┌─ EXERCISE INPUT
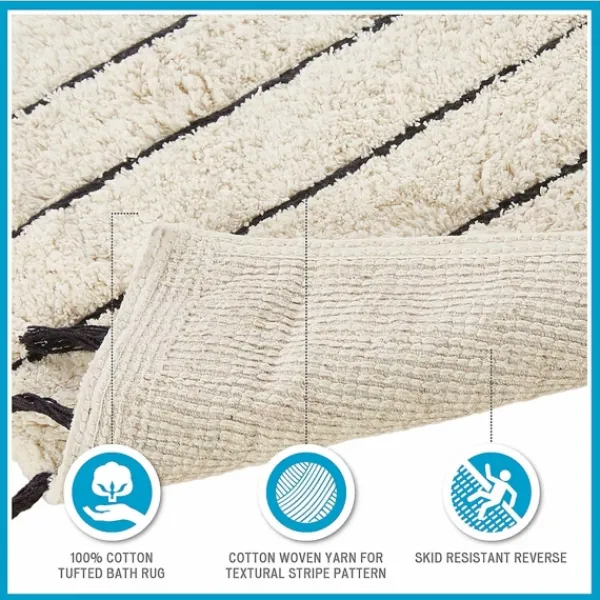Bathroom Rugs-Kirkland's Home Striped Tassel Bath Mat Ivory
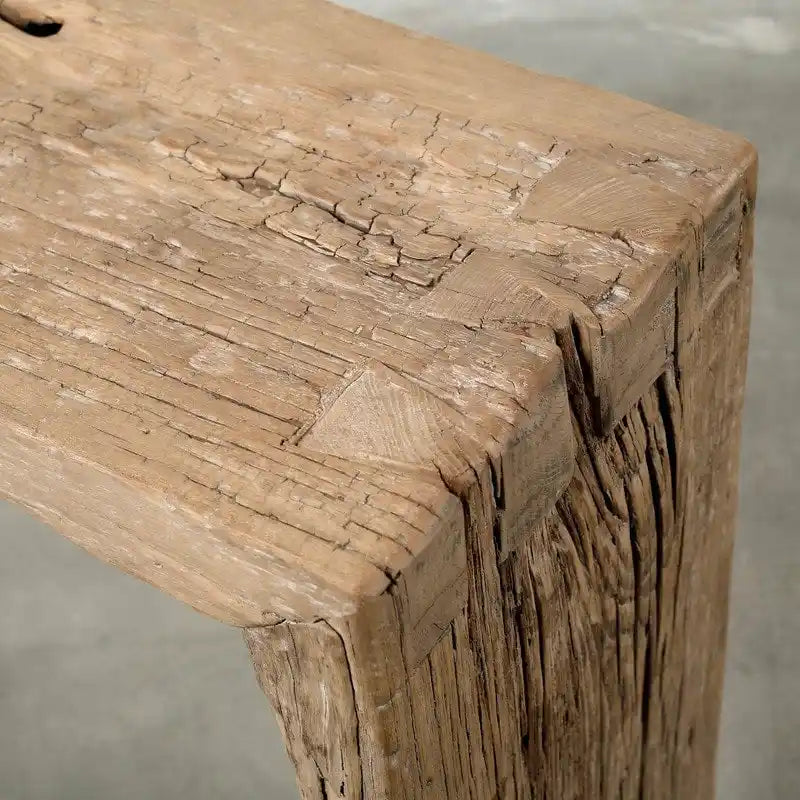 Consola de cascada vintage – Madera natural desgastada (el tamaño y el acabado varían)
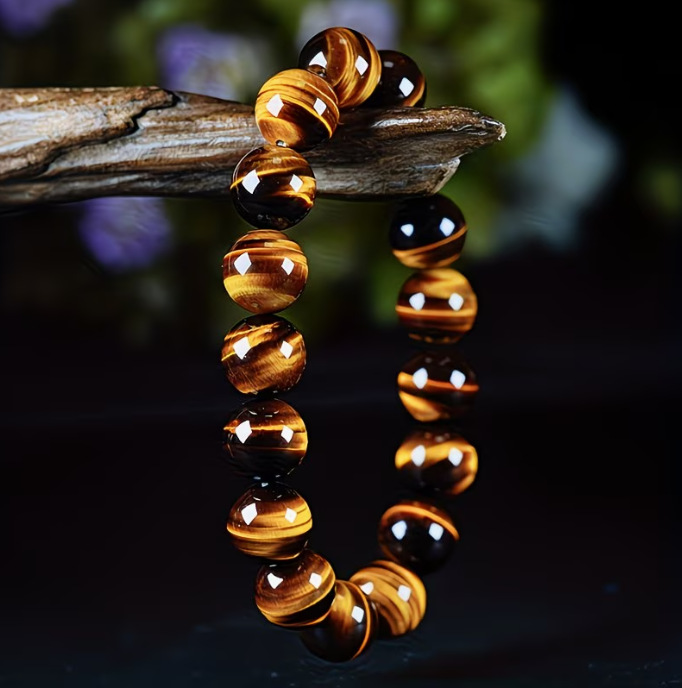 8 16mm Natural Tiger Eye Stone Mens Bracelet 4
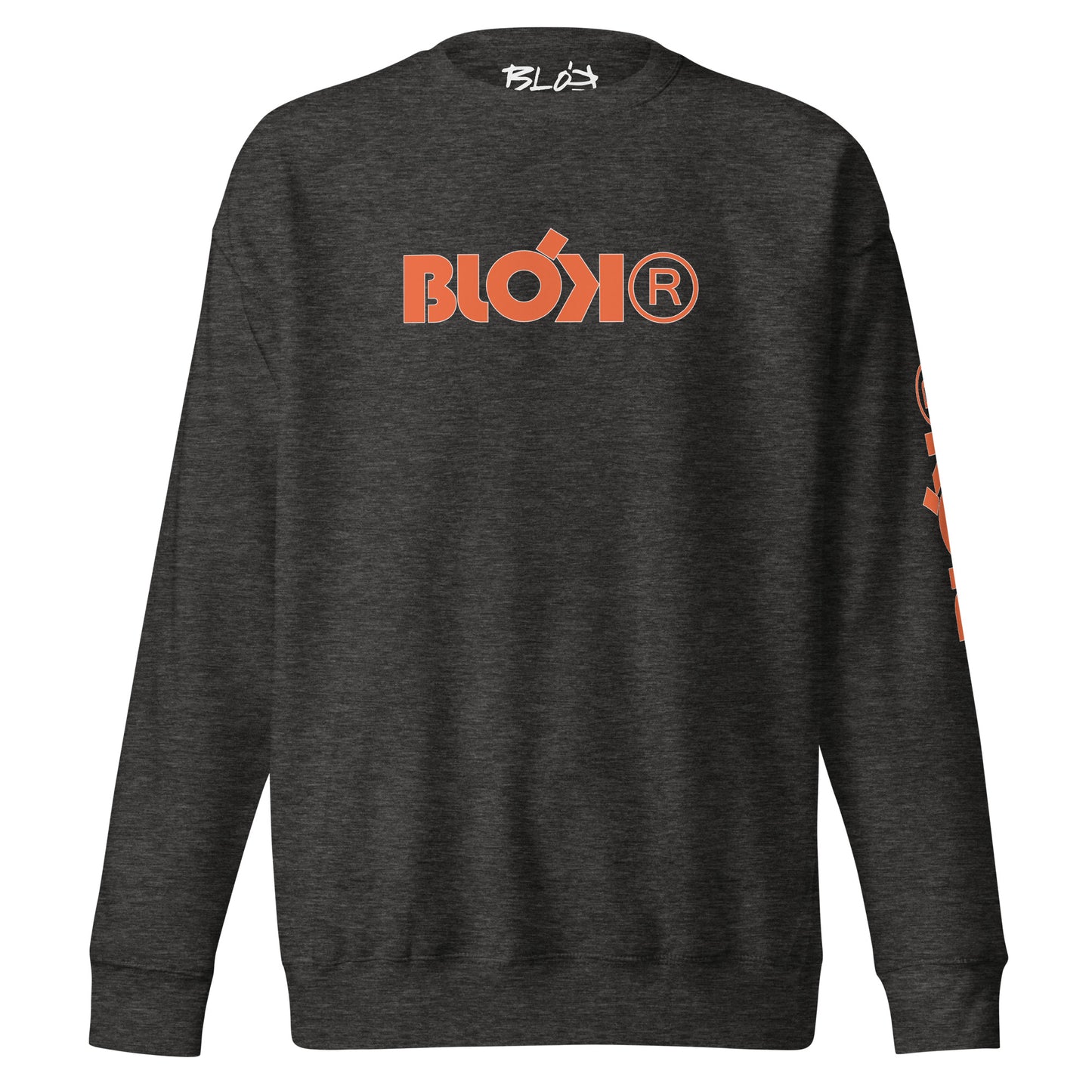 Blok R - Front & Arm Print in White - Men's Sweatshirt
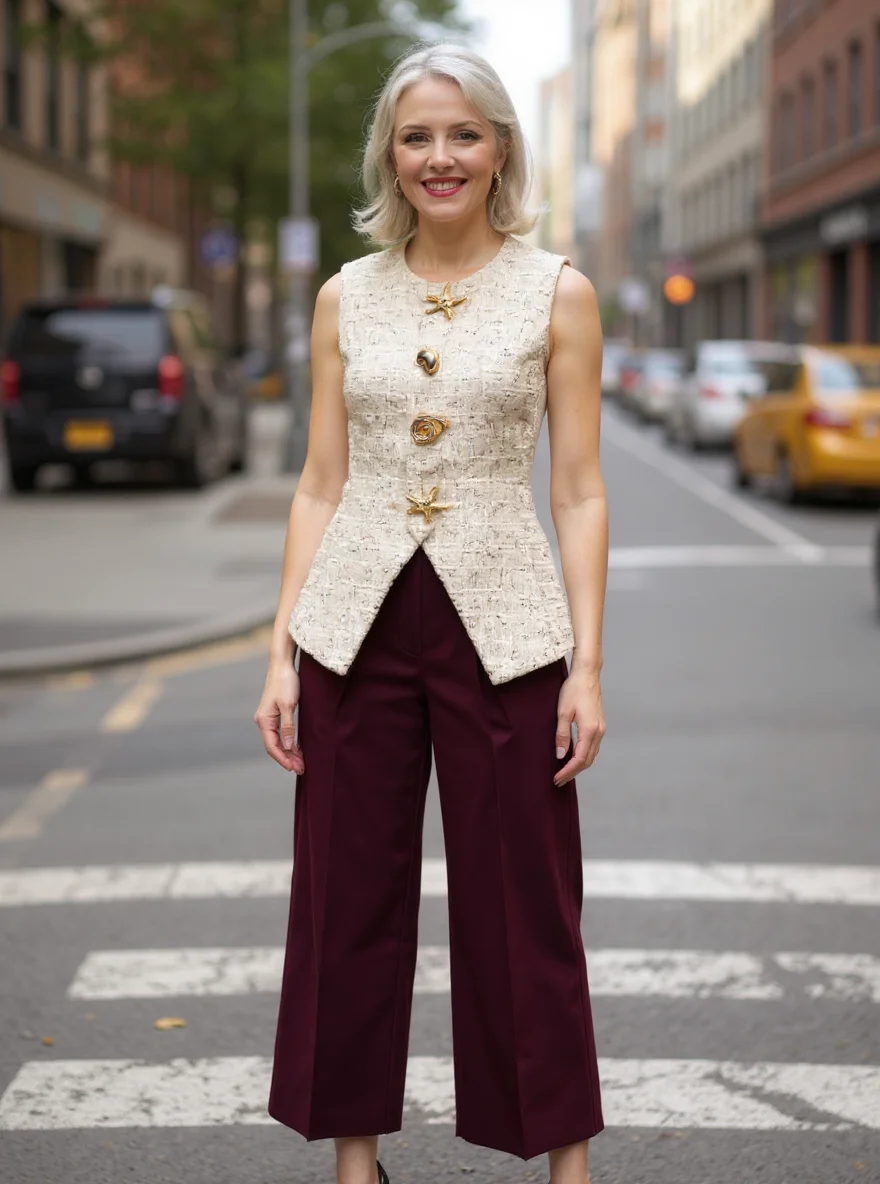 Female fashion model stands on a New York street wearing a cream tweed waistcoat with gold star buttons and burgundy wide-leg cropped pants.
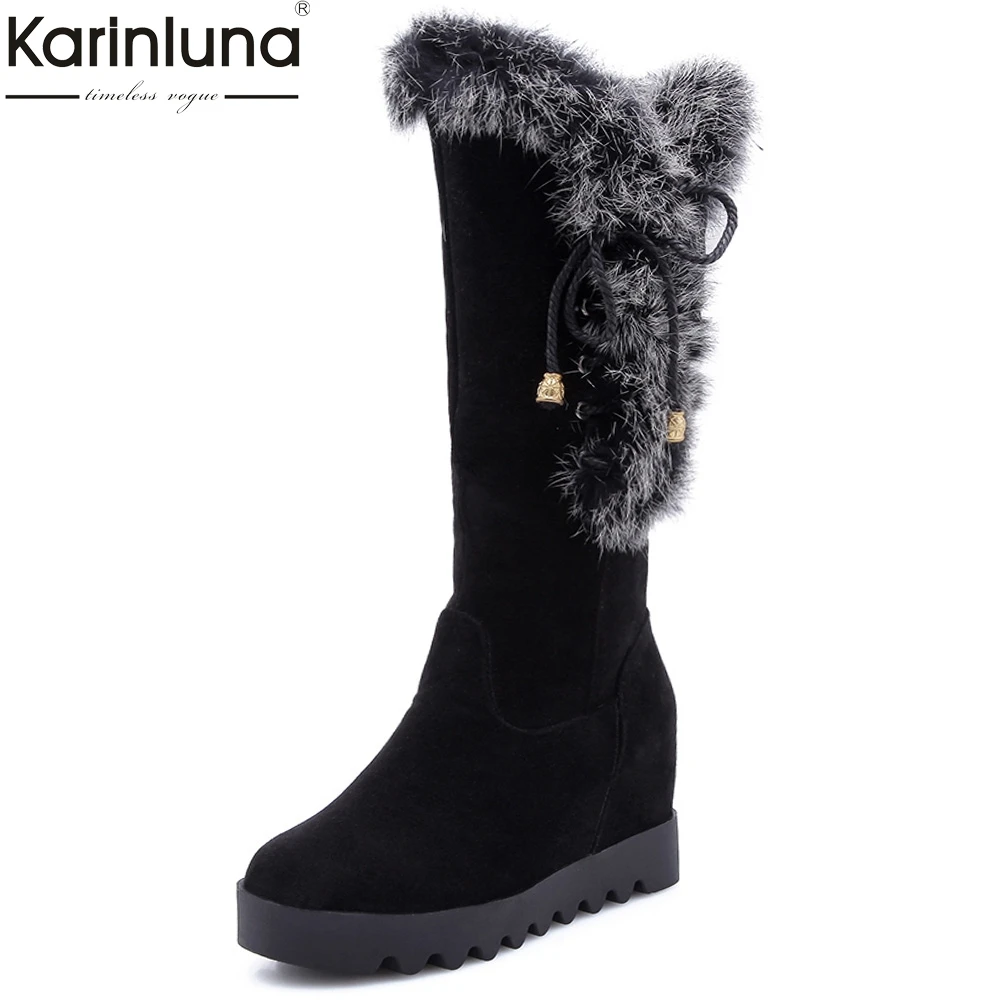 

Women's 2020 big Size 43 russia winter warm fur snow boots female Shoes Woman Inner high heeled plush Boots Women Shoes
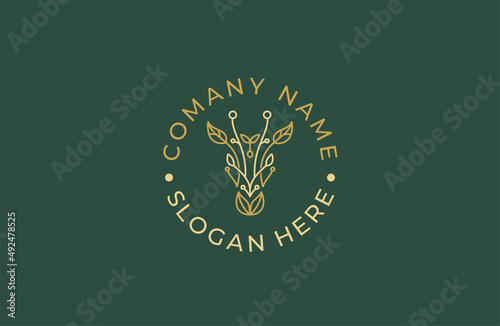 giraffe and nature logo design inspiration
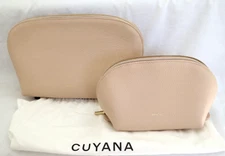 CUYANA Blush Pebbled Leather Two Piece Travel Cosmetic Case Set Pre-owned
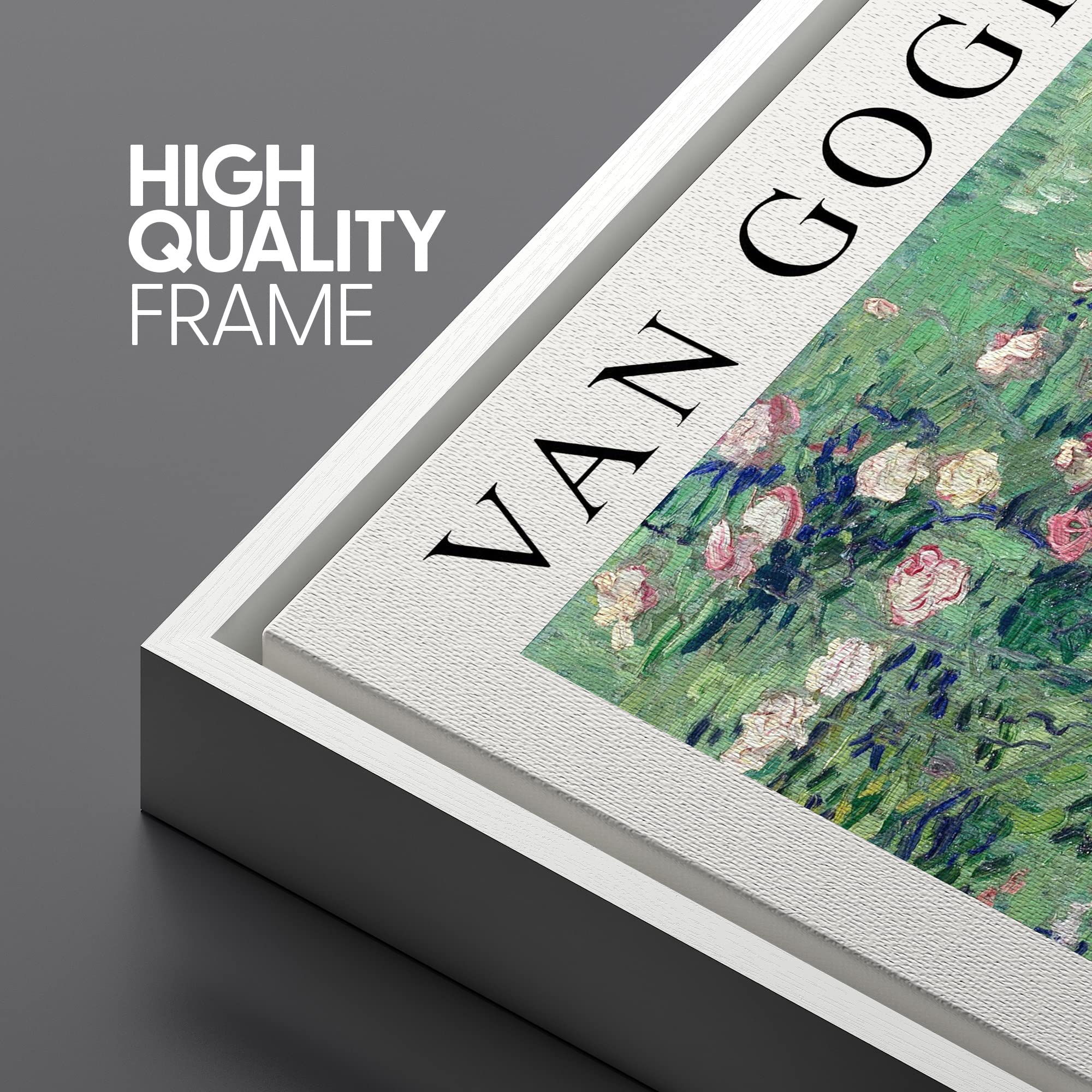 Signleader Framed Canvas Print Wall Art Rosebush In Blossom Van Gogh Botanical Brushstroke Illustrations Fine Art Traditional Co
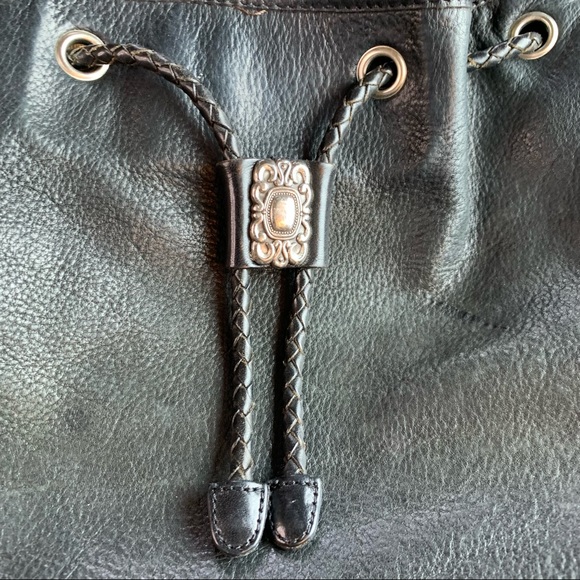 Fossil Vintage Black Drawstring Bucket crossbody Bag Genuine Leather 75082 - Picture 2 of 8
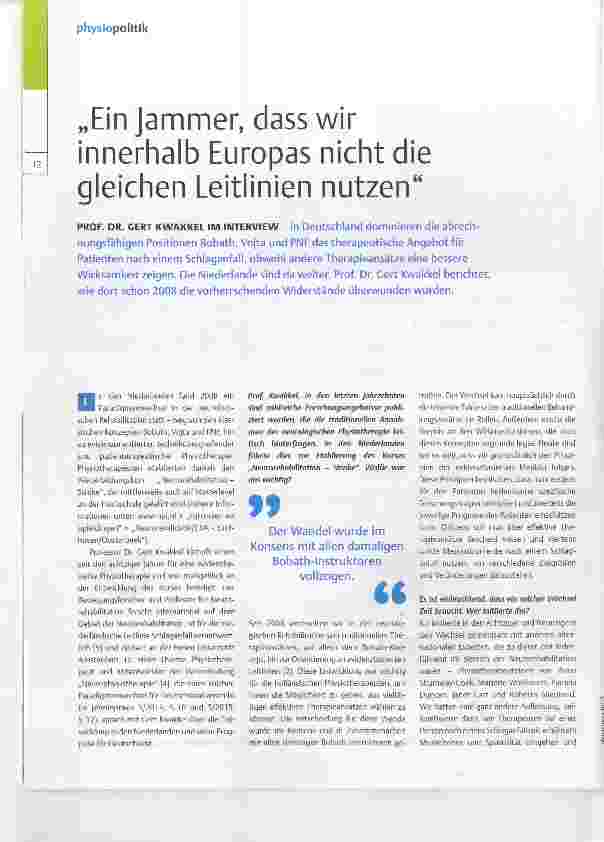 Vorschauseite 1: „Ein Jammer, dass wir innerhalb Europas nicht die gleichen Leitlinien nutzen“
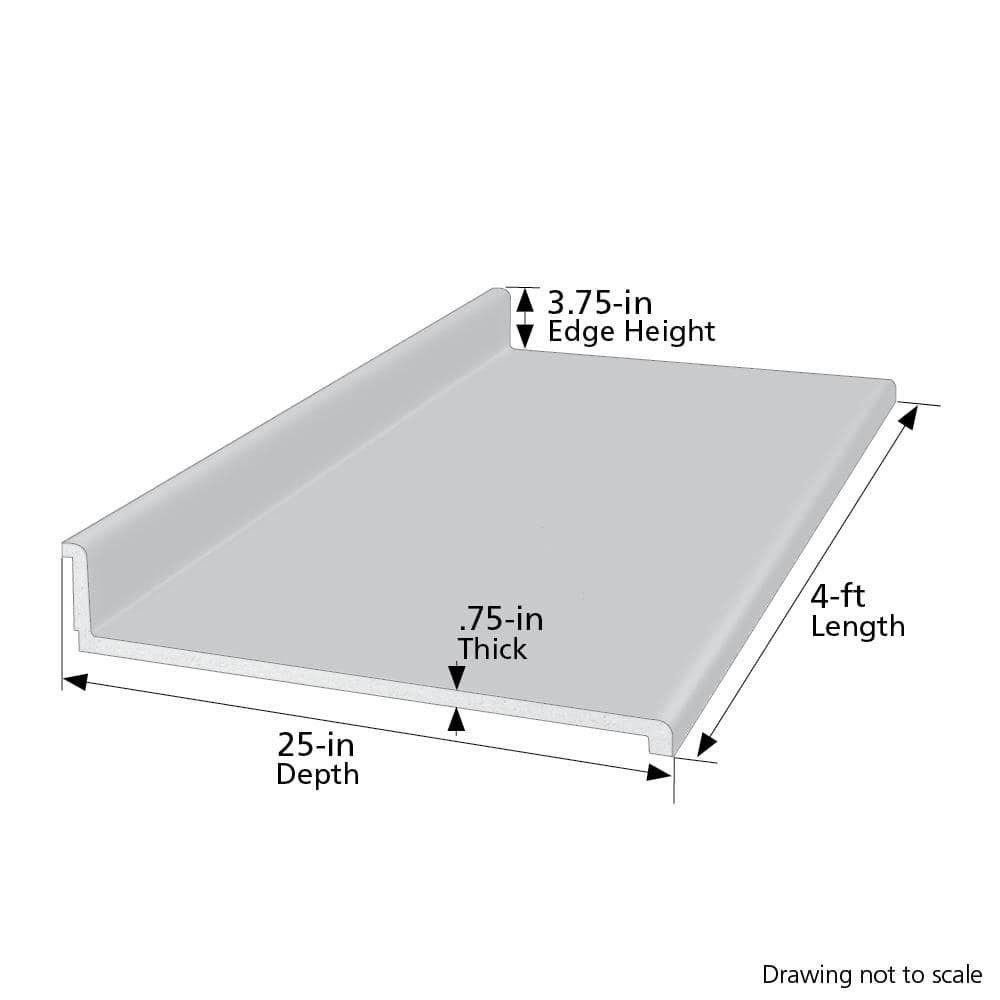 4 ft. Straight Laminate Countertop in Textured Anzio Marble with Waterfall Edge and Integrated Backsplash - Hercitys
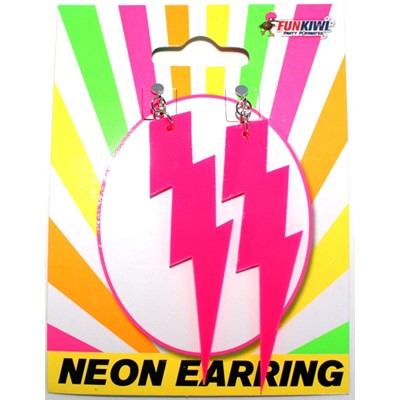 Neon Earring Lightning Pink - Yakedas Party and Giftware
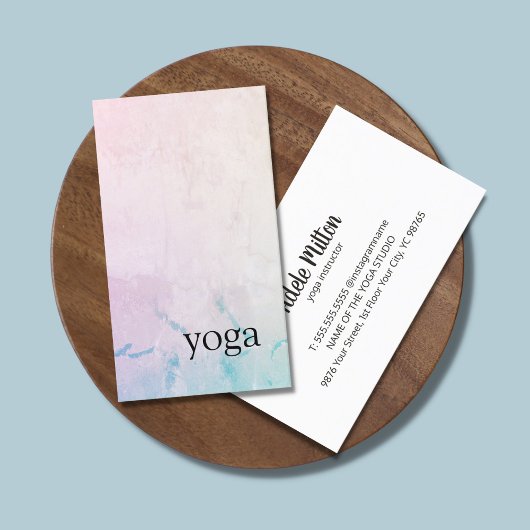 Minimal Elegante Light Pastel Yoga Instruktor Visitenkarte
└─
> **WORK REQUEST**: Copy out all the data above exactly, pictures excluded.

> **YOUR SOLUTION**:
Bathroom Rugs-Kirkland's Home Striped Tassel Bath Mat Ivory
 Consola de cascada vintage – Madera natural desgastada (el tamaño y el acabado varían)
 8 16mm Natural Tiger Eye Stone Mens Bracelet 4
 Blok R - Front & Arm Print in White - Men's Sweatshirt
 Female fashion model stands on a New York street wearing a cream tweed waistcoat with gold star buttons and burgundy wide-leg cropped pants.

Women's 2020 big Size 43 russia winter warm fur snow boots female Shoes Woman Inner high heeled plush Boots Women Shoes
 giraffe and nature logo design inspiration
 CUYANA Blush Pebbled Leather Two Piece Travel Cosmetic Case Set Pre-owned
 Signleader Framed Canvas Print Wall Art Rosebush In Blossom Van Gogh Botanical Brushstroke Illustrations Fine Art Traditional Co
 Fossil Vintage Black Drawstring Bucket crossbody Bag Genuine Leather 75082 - Picture 2 of 8
 Vorschauseite 1: „Ein Jammer, dass wir innerhalb Europas nicht die gleichen Leitlinien nutzen“
 4 ft. Straight Laminate Countertop in Textured Anzio Marble with Waterfall Edge and Integrated Backsplash - Hercitys
 Neon Earring Lightning Pink - Yakedas Party and Giftware
 Minimal Elegante Light Pastel Yoga Instruktor Visitenkarte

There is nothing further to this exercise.